------ Input for this task
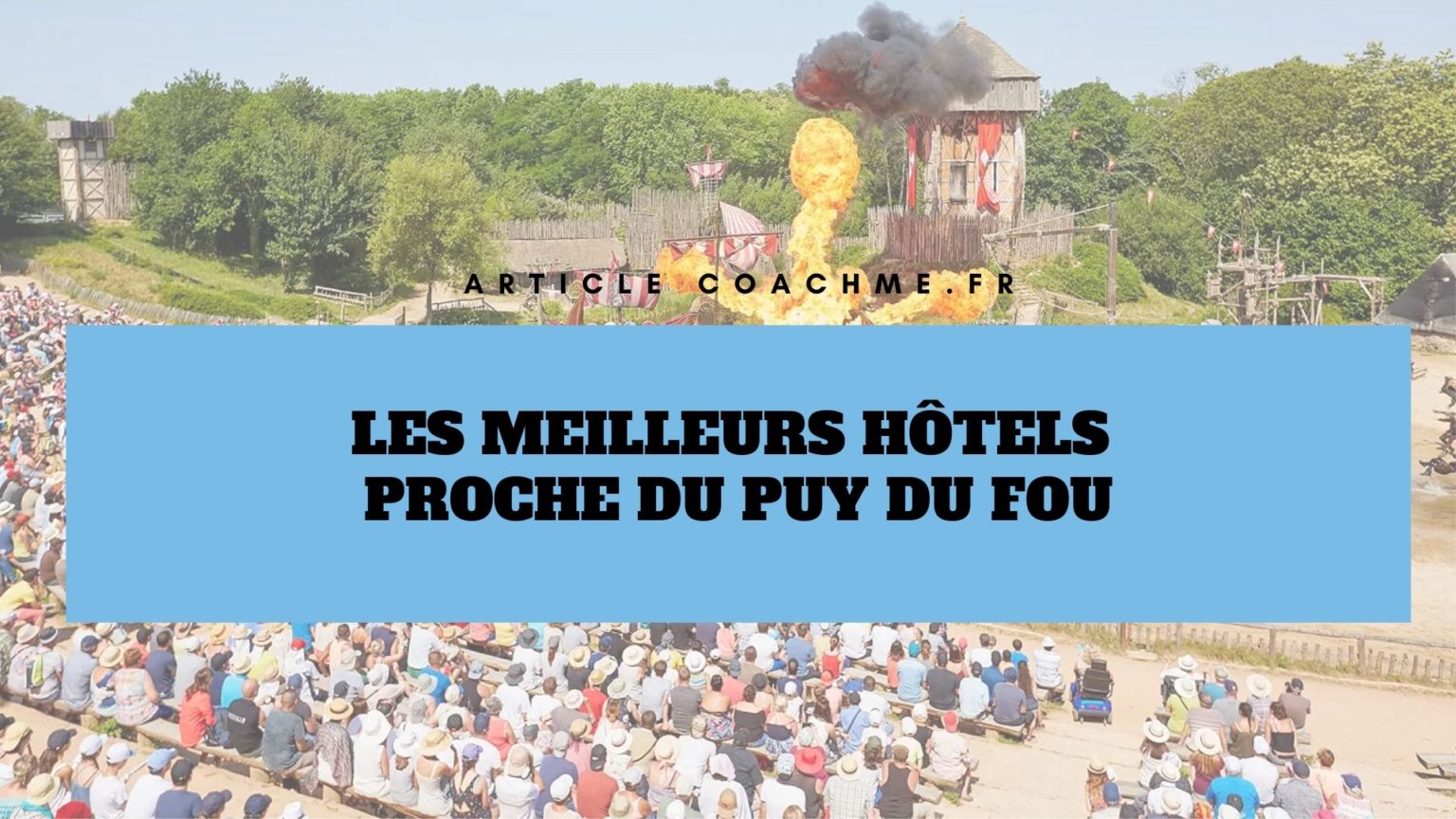 Top 9 des hôtels autour du Puy Du Fou (selon TripAdvisor)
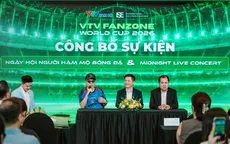 Live concert lúc nửa đêm và chuỗi trải nghiệm đặc biệt tại VTV Fanzone World Cup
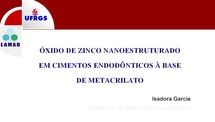 Óxido de zinco nanoestruturado em cimentos endodônticos a base de metacrilato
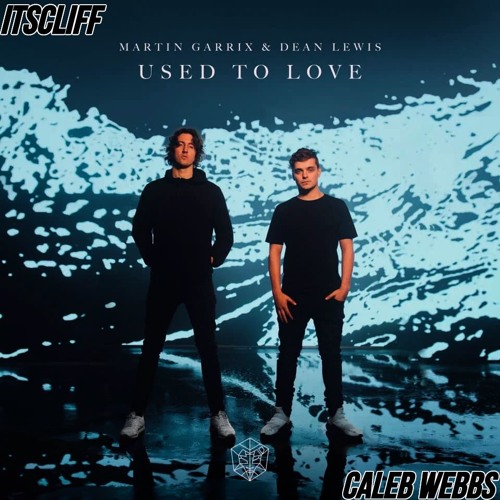Martin Garrix & Dean Lewis - Used To Love (ItsCliff X Caleb Webbs Bootleg) *FREE DOWNLOAD*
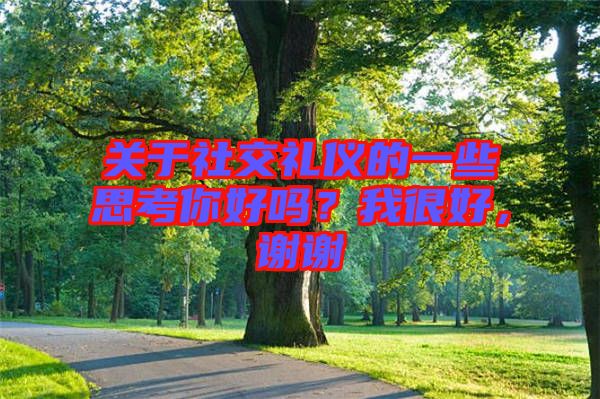 關于社交禮儀的一些思考你好嗎？我很好，謝謝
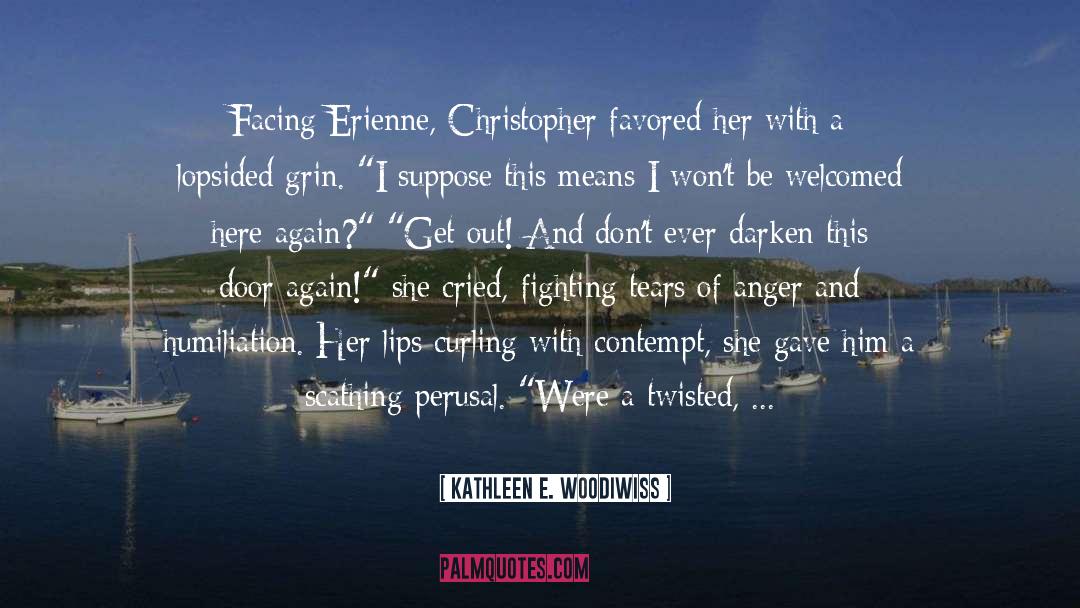 Kathleen E. Woodiwiss Quotes: Facing Erienne, Christopher favored her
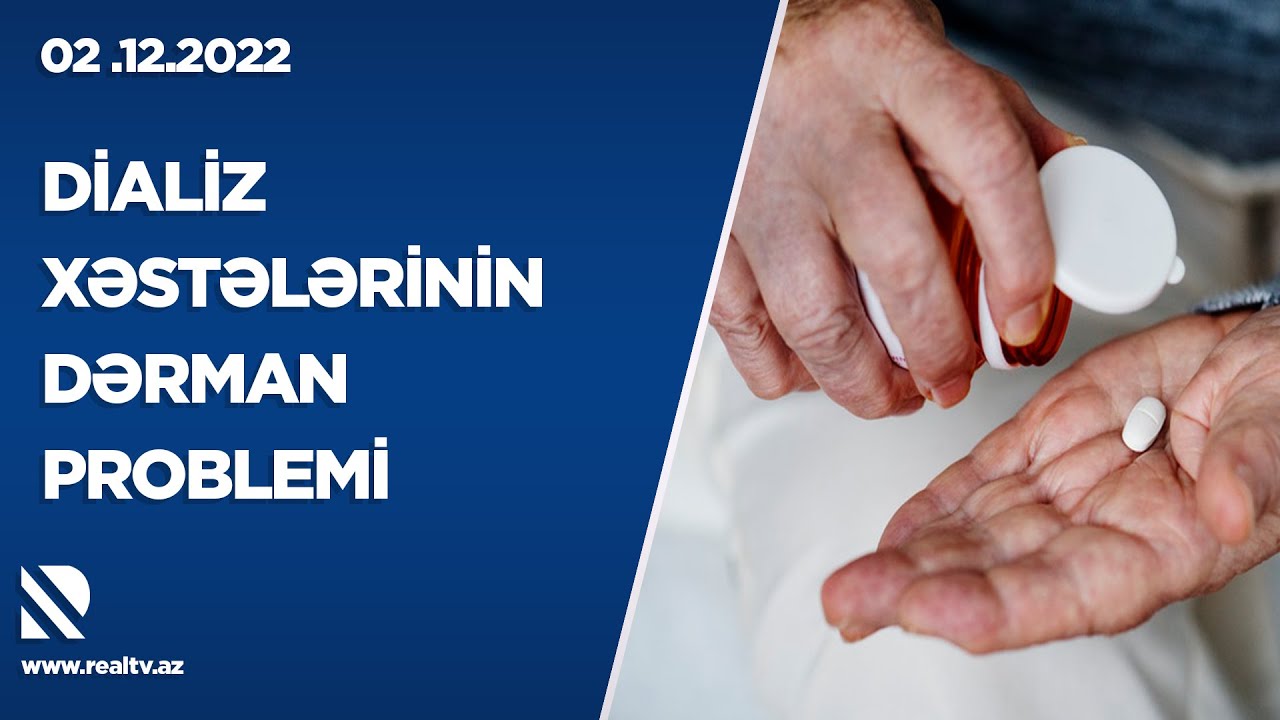 Dializ xəstələrinin dərman problemi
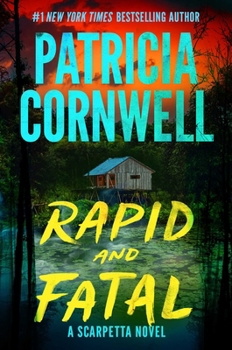 Hardcover Rapid and Fatal: A Scarpetta Novel Book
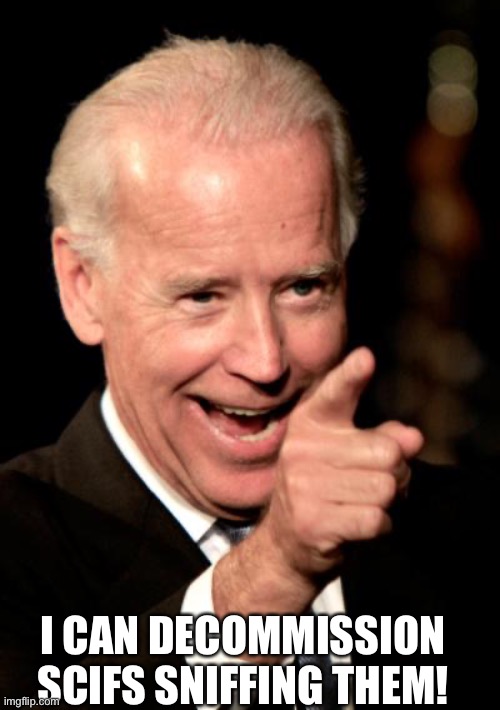 Smilin Biden Meme | I CAN DECOMMISSION SCIFS SNIFFING THEM! | image tagged in memes,smilin biden | made w/ Imgflip meme maker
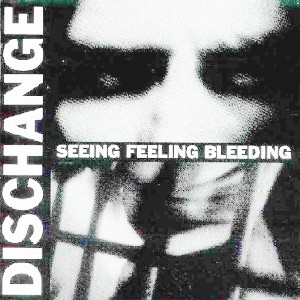 DISCHANGE / SEEING FEELING BLEEDING (LP)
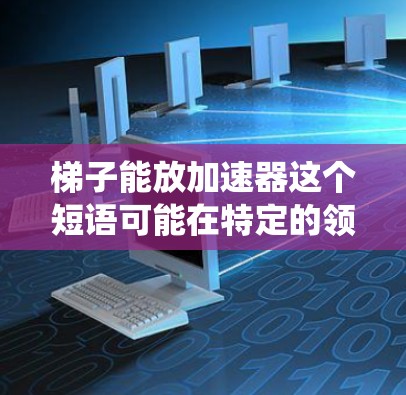 梯子能放加速器这个短语可能在特定的领域或文化中被用来描述某种抽象的概念或比喻,而非传统的物理意义上的梯子和加速器。以下是一些可能的解释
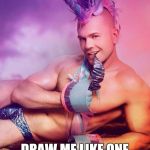 Sexy Gay Unicorn | DRAW ME LIKE ONE OF YOUR FRENCH GIRLS | image tagged in sexy gay unicorn,memes | made w/ Imgflip meme maker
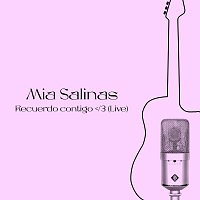 Mia Salinas – Recuerdo contigo /3 [Live]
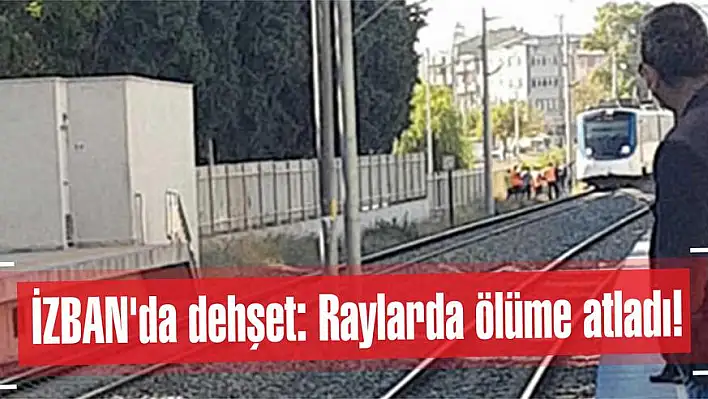 İZBAN’da dehşet: Raylarda ölüme atladı!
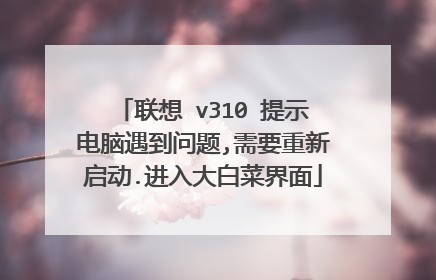 联想 v310 提示电脑遇到问题,需要重新启动.进入大白菜界面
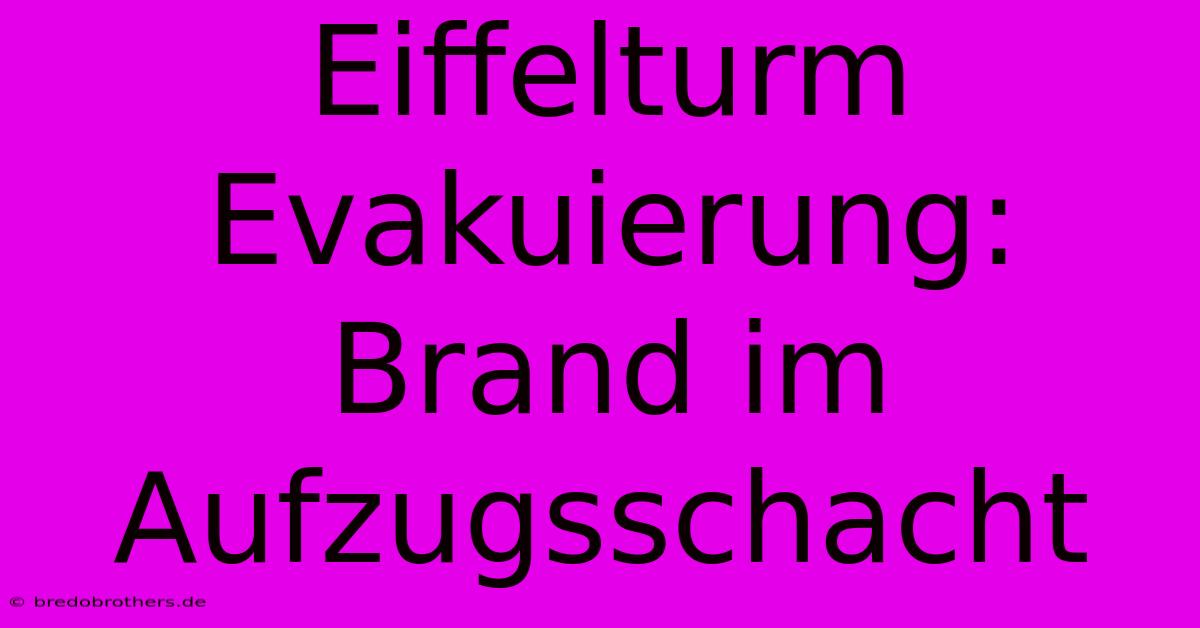 Eiffelturm Evakuierung: Brand Im Aufzugsschacht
------------
• _What you will do_
Pictures stay out; the records above are otherwise reproduced exactly.

• _Answer box_
 Top 9 des hôtels autour du Puy Du Fou (selon TripAdvisor)
 Live concert lúc nửa đêm và chuỗi trải nghiệm đặc biệt tại VTV Fanzone World Cup
 Óxido de zinco nanoestruturado em cimentos endodônticos a base de metacrilato
Martin Garrix & Dean Lewis - Used To Love (ItsCliff X Caleb Webbs Bootleg) *FREE DOWNLOAD*
 關于社交禮儀的一些思考你好嗎？我很好，謝謝
 Kathleen E. Woodiwiss Quotes: Facing Erienne, Christopher favored her
 Dializ xəstələrinin dərman problemi
 Hardcover Rapid and Fatal: A Scarpetta Novel Book
 Smilin Biden Meme | I CAN DECOMMISSION SCIFS SNIFFING THEM! | image tagged in memes,smilin biden | made w/ Imgflip meme maker
 DISCHANGE / SEEING FEELING BLEEDING (LP)
 梯子能放加速器这个短语可能在特定的领域或文化中被用来描述某种抽象的概念或比喻,而非传统的物理意义上的梯子和加速器。以下是一些可能的解释
 Sexy Gay Unicorn | DRAW ME LIKE ONE OF YOUR FRENCH GIRLS | image tagged in sexy gay unicorn,memes | made w/ Imgflip meme maker
 Mia Salinas – Recuerdo contigo /3 [Live]
 İZBAN’da dehşet: Raylarda ölüme atladı!
 联想 v310 提示电脑遇到问题,需要重新启动.进入大白菜界面
 Eiffelturm Evakuierung: Brand Im Aufzugsschacht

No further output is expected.